Member of the Senate
- In office 1924 – 18 March 1936

Personal details
- Born: 6 June 1860 Arauco, Chile
- Died: 18 March 1936 (aged 75) Santiago, Chile
- Party: Democratic Party
- Spouse: Zoila Prieto
- Profession: Tailor, Labour leader

= Artemio Gutiérrez =

Chilean politician (1860–1936)

Artemio Gutiérrez Vidal (6 June 1860 – 18 March 1936) was a Chilean tailor, labour leader and politician. A founding member of the Democratic Party, he served as a senator from 1924 until his death in 1936 and previously served five consecutive terms as a deputy between 1897 and 1924. He also held ministerial office during the presidency of Arturo Alessandri Palma.

== Biography ==
Gutiérrez Vidal was born in Arauco to Juan Antonio Gutiérrez and Rosario Vidal. He married Zoila Prieto, with whom he had two children, Zoila and Artemio.
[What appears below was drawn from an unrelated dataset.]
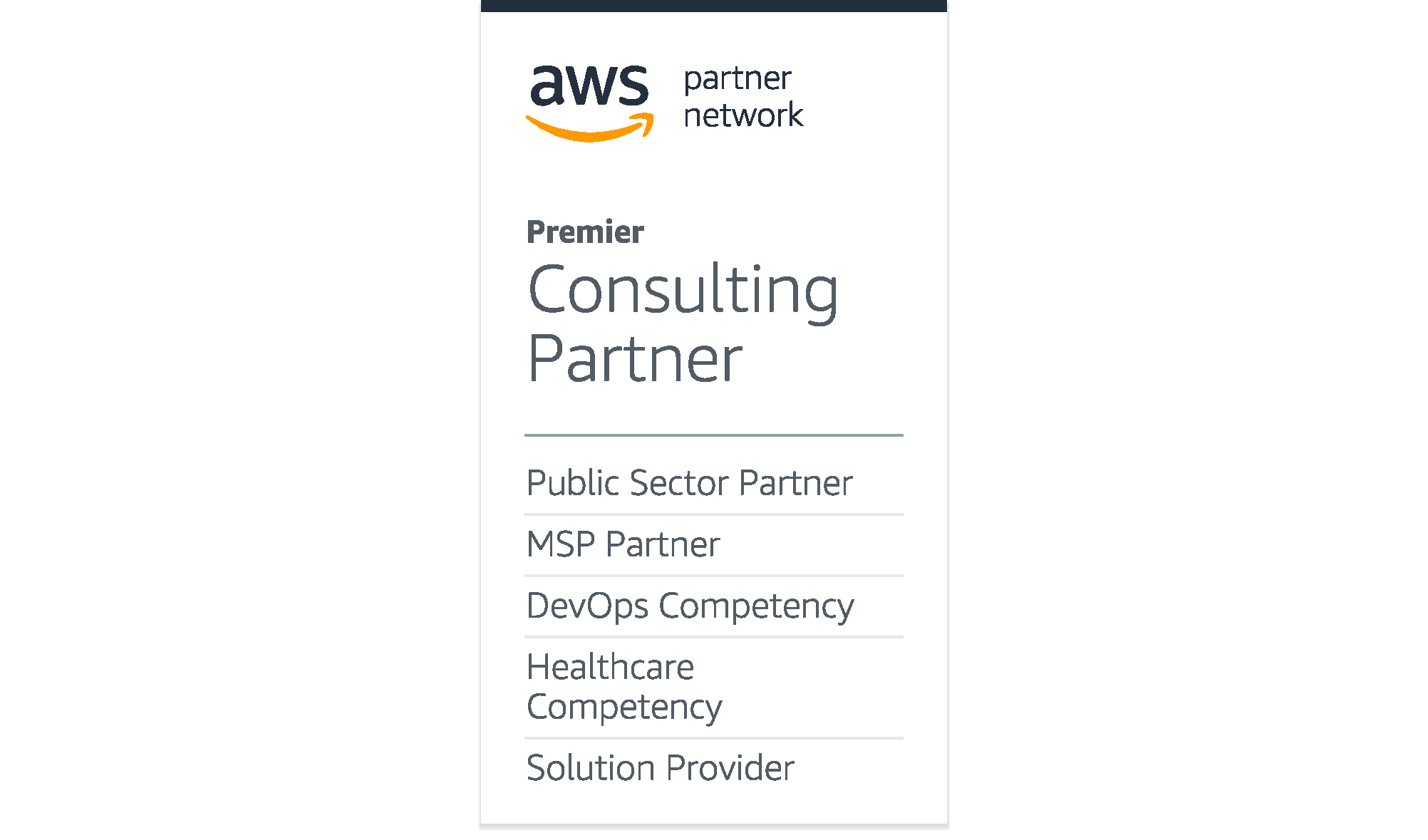 aws partner network apn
He completed his primary education in Arauco and later moved to Concepción to continue his studies. He subsequently enrolled at the Escuela de Artes y Oficios, where he trained as a tailor. From 1879 onward, he worked in Santiago as a tailor, initially as an employee and accountant in various tailoring shops before establishing his own business and becoming one of the most recognized tailors of his time.

Alongside his professional activity, he became deeply involved in the organization of workers. In the Cañadilla neighborhood (formerly La Chimba), he co-founded the Francisco Bilbao Philharmonic Society, a cultural and social center that played a key role in the early organization of Chilean democratic and labour movements.

== Political career ==
Gutiérrez Vidal participated from an early age in republican and workers’ organizations, including the Republican School, the Tailors’ Society—of which he became president—the Union of Artisans, and the Workers’ Philharmonic Society.
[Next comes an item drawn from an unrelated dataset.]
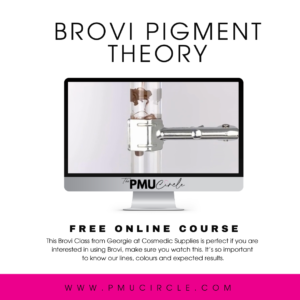 Brovi Pigment Theory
He was a founding member and vice president of the board of the Democratic Party from its establishment in 1887. In 1889, he was imprisoned alongside other members of the party for political reasons.

During the presidency of Arturo Alessandri Palma, he was appointed Minister of Industry, Public Works and Railways, serving from 17 August to 3 November 1921. During his tenure, he oversaw the inauguration of potable water supply in Lautaro, the railway line from Púa to Curacautín, contributed to the construction of the Freire–Cunco railway, and supported the development of Puerto Saavedra. His ministerial service ended when the Democratic Party withdrew its support from the Alessandri government.

He presided over the National Convention of the Democratic Party in July 1922 and later chaired the party convention held in Santiago on 2 July 1933, which achieved the reunification of Democratic factions.

Gutiérrez Vidal served as a senator from 1924 until his death in 1936, during which time he also remained a member of the supervisory board of the Escuela de Artes y Oficios for fifteen years. He died in Santiago on 18 March 1936, without completing his senatorial term.